Да. Их со Славой судьбы действительно очень похожи друг на друга. Не как две капли, но все-таки. Параллелей хватает. Что ж, тем лучше. Не надо набивать шишки. Кстати, о легенде. Она ведь уже есть. Готовая. И хоть придумана без малого двадцать лет назад, после некоторой шлифовки подойдет – более чем…
– Наверное, пора. – Снова посмотрев на часы, Корсак снял телефонную трубку. – Успокоим гражданина начальника. А то сидит, поди, сволочь, мается от неизвестности.
– Ну, почему же? – усмехнулся Ботаник. – Напротив. Сразу скумекал. Дело – табак. Кстати, – щелкнул костяшками пальцев профессор, – сколько ни ломал голову, так и не смог дознаться, почему именно «табак». По какой ассоциативной линии сравнение? Ты случайно не знаешь?
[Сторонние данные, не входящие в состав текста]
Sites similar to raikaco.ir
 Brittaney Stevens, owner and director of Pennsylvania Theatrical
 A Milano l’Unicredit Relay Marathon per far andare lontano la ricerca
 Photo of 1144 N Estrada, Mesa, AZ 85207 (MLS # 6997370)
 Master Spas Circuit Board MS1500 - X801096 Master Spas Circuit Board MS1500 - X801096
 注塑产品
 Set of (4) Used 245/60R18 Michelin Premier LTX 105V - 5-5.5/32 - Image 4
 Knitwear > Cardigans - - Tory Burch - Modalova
– Видимо, потому, что так же противно воняет, – предположил Корсак и тут же поднял руку, призывая к молчанию – на том конце ответили. – Алло? Лев Борисович? Это снова Иван… Уже получили? Рад за вас. Остальные негативы действительно у меня… Скажите, мы можем говорить свободно?.. Это радует. Тогда ближе к делу. Чтобы получить оставшиеся четыре негатива, вы должны в течение ближайших двух дней сделать для моего друга светлый гражданский паспорт и сразу же забыть о его существовании до конца дней… Сергей Сергеевич перед смертью клятвенно заверял меня, что для вас это совсем даже не проблема. Фото и имя, которое должно стоять в документе, указаны в записке. Послезавтра, в это же время, я перезвоню вам и расскажу, как и где пройдет процедура обмена. Надеюсь, товарищ подполковник, вам не стоит лишний раз напоминать, что сохранение нашей маленькой общей тайны обоюдно выгодно. И чем именно вам грозит излишняя общительность с сослуживцами… Понимаете?.. Я не сомневался. Тогда до послезавтра. И вот еще что… Чуть не забыл… Берегите себя. Жизнь полна не только приятных сюрпризов, но и трагических неожиданностей…
Слава повесил трубку на аппарат. Тыльной стороной ладони вытер выступившие на лбу капельки холодного пота. Криво улыбнулся одной стороной лица. Несмотря на видимое спокойствие, сегодняшний разговор с главным милиционером Гатчины стоил ему изрядного напряжения. То ли еще будет послезавтра, когда придет время принимать посылку…
– Ладно. С первой частью спектакля разобрались, – сказал Сомов. – Теперь не томи, выкладывай, что ты там придумал насчет безопасной передачи. Мистер Шерлок Холмс.
– Это еще кто такой? – спросил Корсак.
– Гениальный сыщик. Главный персонаж рассказов английского писателя сэра Артура Конан Дойля.
– Не читал.
– Не ты один. На русский их еще не перевели, я читал по-немецки. Ладно, ближе к телу. Выкладывай свой план.